From: Andrew Morton <[email protected]>
> Paolo Ciarrocchi wrote:
> >
> > Hi all,
> > I've ran the AIM benchmark against 2.4.19 and 2.5.49 on my laptop (PIII@800 Reiserfs)
>
> AIM9, I assume.

Yes

> It's a rather dumb benchmark, but fun. Lots of really tiny
> microbenchmarks, easy to see what's going on.

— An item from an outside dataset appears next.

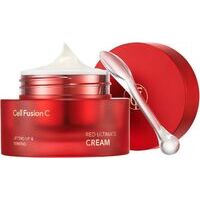 Cell Fusion C Red Ultimate Cream - Atjaunojošs sejas krēms ar niaciamīdu, skvalānu un retinalu, 50ml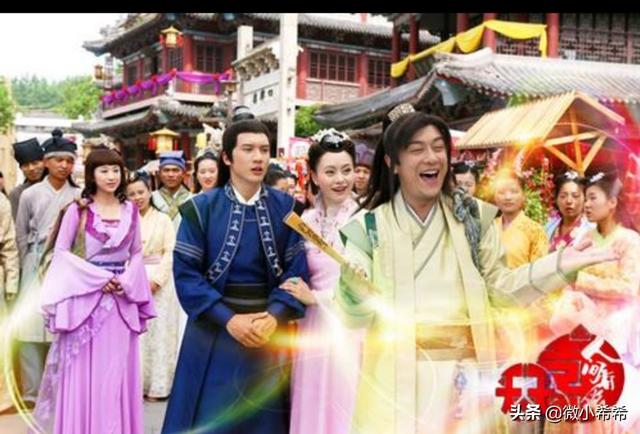 神话电视剧有哪些，泰国神话电视剧有哪些（2022年神话电视剧有哪些）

I can run it for every 2.5.* linus will release.
Do you think it is a good idea or just a waste of time ?

Paolo


--
______________________________________________
http://www.linuxmail.org/
Now with POP3/IMAP access for only US$19.95/yr

Powered by Outblaze

2002-11-25 17:30:35

by Timothy D. Witham

[permalink] [raw]
Subject: Re: [Benchmark] AIM results

I think that as a point of comparison it has value. That is
one of the reasons that these are automatically run on STP.


http://www.osdl.org/cgi-bin/stp.cgi?modulename=stp&command=search&sort=%21Completion_date&d_Status=completed&d_Distro_tag_uid=&d_Patch_tag=&d_Test_uid=aim9&d_Host_uid=&d_Project_uid=&op=Search

(Sorry for the long URL)


However it would be nice to see the code updated for a
different environment that the assumed VAX 11/780. As
that was the original baseline for the test. Block sizes,
and maybe things like making fakeh.tar to something like
the 2.4.19 kernel. This has been discussed a couple of
times I think that it will just take some body to lead
it. If you need equipment to test this on larger machines
we have some available.

Tim

On Mon, 2002-11-25 at 03:41, Paolo Ciarrocchi wrote:
> From: Andrew Morton <[email protected]>
> > Paolo Ciarrocchi wrote:
> > >
> > > Hi all,
> > > I've ran the AIM benchmark against 2.4.19 and 2.5.49 on my laptop (PIII@800 Reiserfs)
> >
> > AIM9, I assume.
>

> Yes
>
> > It's a rather dumb benchmark, but fun. Lots of really tiny
> > microbenchmarks, easy to see what's going on.
>
> I can run it for every 2.5.* linus will release.
> Do you think it is a good idea or just a waste of time ?
>
> Paolo
--
Timothy D. Witham - Lab Director - [email protected]
Open Source Development Lab Inc - A non-profit corporation
15275 SW Koll Parkway - Suite H - Beaverton OR, 97006
(503)-626-2455 x11 (office) (503)-702-2871 (cell)
(503)-626-2436 (fax)

2002-11-28 17:11:53

by Bill Davidsen

[permalink] [raw]
Subject: Re: [Benchmark] AIM results

On Mon, 25 Nov 2002, Paolo Ciarrocchi wrote:

> I can run it for every 2.5.* linus will release.
> Do you think it is a good idea or just a waste of time ?

As someone who worries about IPC latency (more than speed) I think these
are useful numbers, if only to give some suggestions to kernel developers
who want to get the last bit out and will take them as a challenge.

The VM stuff in 2.5 is slightly slower, not much to be done there,
hopefully in the real world balanced by more stable performance under
heavy load.

--
bill davidsen <[email protected]>
CTO, TMR Associates, Inc
Doing interesting things with little computers since 1979.